Wednesday, April 9, 2014

Lent Day 36: We Are an Offering (III)

On this thirty-sixth day of our lenten journey, I am grateful to find that the Father's comfort is near to me -- weary and broken. I glorify the name of the Lord because the Holy Spirit continues to steady my slippery feet as I trudge upward this final stretch toward Holy Week. 

Praise the name of Jesus!

The past few days have brought me to a verdant field.  I have been harvesting a grace-filled crop through the lines of a most life-inspiring lenten chorus written by Dwight Liles and entitled We Are an Offering. I am grateful for the Spirit's instruction.

Today, I am led to focus on the phrase below:

"We lift our hands . . ."

In that gesture, I join psalmist David who cried out to God when he was in the Desert of Judah:

"Because Your love is better than life,
my lips will glorify You.
I will praise You as long as I live,
and in Your name I will lift up my hands."
Psalm 63:3-4, NIV

Why did David promise to lift up his hands?

The NIV Study Bible commentators advance that "from ancient times, upraised hands have revealed both praise and petition." Perhaps, David might have wanted to use his hands to express both his utter reliance upon God and his total reverence for Him. The act of lifting his hands might have symbolized a hopeful countenance and expectant trust in God -- that is, God would fill David's hands with His abundant blessings.

Sure enough, God has indeed poured untold blessings into David's hands -- the best of which is the granting of the Messiah to Israel and to the whole world through the line of David.
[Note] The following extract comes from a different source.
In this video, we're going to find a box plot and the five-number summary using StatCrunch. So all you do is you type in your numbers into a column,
Through David's hands, God chose to build His family, His spiritual house.

What grace!
What wisdom!
What provision!
What understanding!

Perhaps, lenten thought is calling you and me to surrender our hands to God because the Father is in the business of building His spiritual house through human beings.

"The wise woman builds her house,
but with her own hands the foolish one tears hers down."
Proverbs 14:1, NIV

The above verse depicts two kinds of women: a wise one and a foolish one. The wise one builds her home while the foolish one destroys hers—both of them rely on their hands for the outcome of their work. As we—the bride of Christ—focus on offering our hands to the Father today, what type of a woman can we honestly say that we portray?
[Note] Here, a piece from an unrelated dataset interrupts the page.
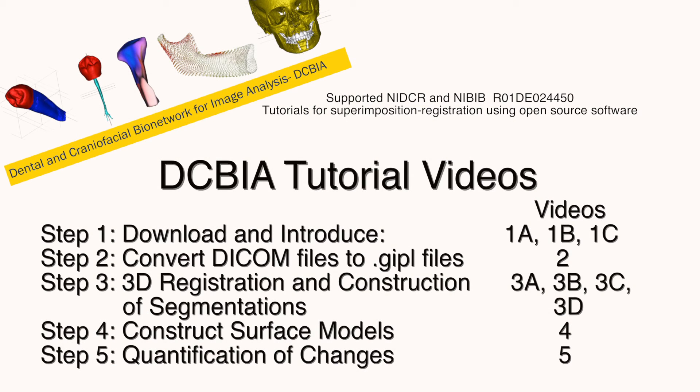These are the basics to downloading and installing ITK-SNAP.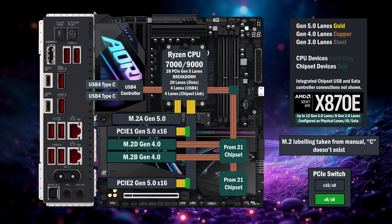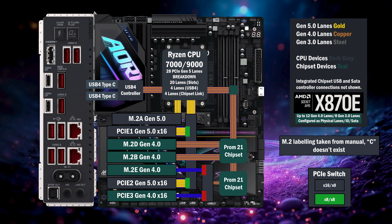The second chip connects to the first with a four lane link, connecting to another PCIe switch. This switch connects to an M.2 slot and a by sixteen slot. If the by sixteen is used, two lanes go to that slot. If the M.2 is used, the by sixteen becomes unavailable, and two lanes go to the M.2.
With one selfish decision, two men wrecked the lives of countless Oklahomans on April 19, 1995 through the Oklahoma City bombing—the loss is still palpable today. The grief is real in the hearts of survivors everywhere and one has to only walk by the memorial in Oklahoma City for fresh tears to flow. Their hands, created for fruitfulness and growth to the glory of God, became instruments of terror and mass destruction.

Sadly, we often mirror the foolishness displayed in the above story. We shove, crush, slap, mishandle, squeeze, strangle, blow up, and murder countless individuals in a multitude of ways—figuratively speaking. Instead of using our hands to feed the poor, heal the sick, and serve the Master, we allow them to become instruments of darkness because of our selfishness.

In contrast, with one selfless and gracious act, Christ allowed Himself to be broken on our behalf so that we can be made whole, all the while growing and producing every kind of good fruit. Through His agape love, which is “vast, unmeasured, boundless, free,” He has provided the soil for real, authentic, and genuine fruitfulness. Firmly planted and established in it, the Church can be a truly good Samaritan—going the extra mile in service and growing in good deeds, knowing that anything good that flows out of us comes directly from Christ’s unending love.


May we be humbled to use our hands productively for Christ! May we also understand that our striving to directly inspire and assist others is all but secondary to that which they need most from us! May we see that the greatest need of spouses, children, relatives, friends, colleagues, students, and all others is the authenticity or purity of our own spiritual walk! Let us pray that our obedience to God in everything might become the work our hands offer to our Father as He builds His house through us.

Father, we join Paul in imploring You to grant that people everywhere would lift up holy hands in prayer -- hands that You have purified through the Cross; hands that You are sanctifying through the Holy Spirit and the ministry of the Word; hands that You will glorify once and for all on the day of the Lord. May all such hands reveal hearts that are committed to grace, forgiveness, and reconciliation. May they speak of individuals whose voices do more than make music in buildings or centers of worship, but also reverberate Your love to all people in need of You. May our hands be used by You to continue building and strengthening Your spiritual house. In Christ alone, we pray. Amen!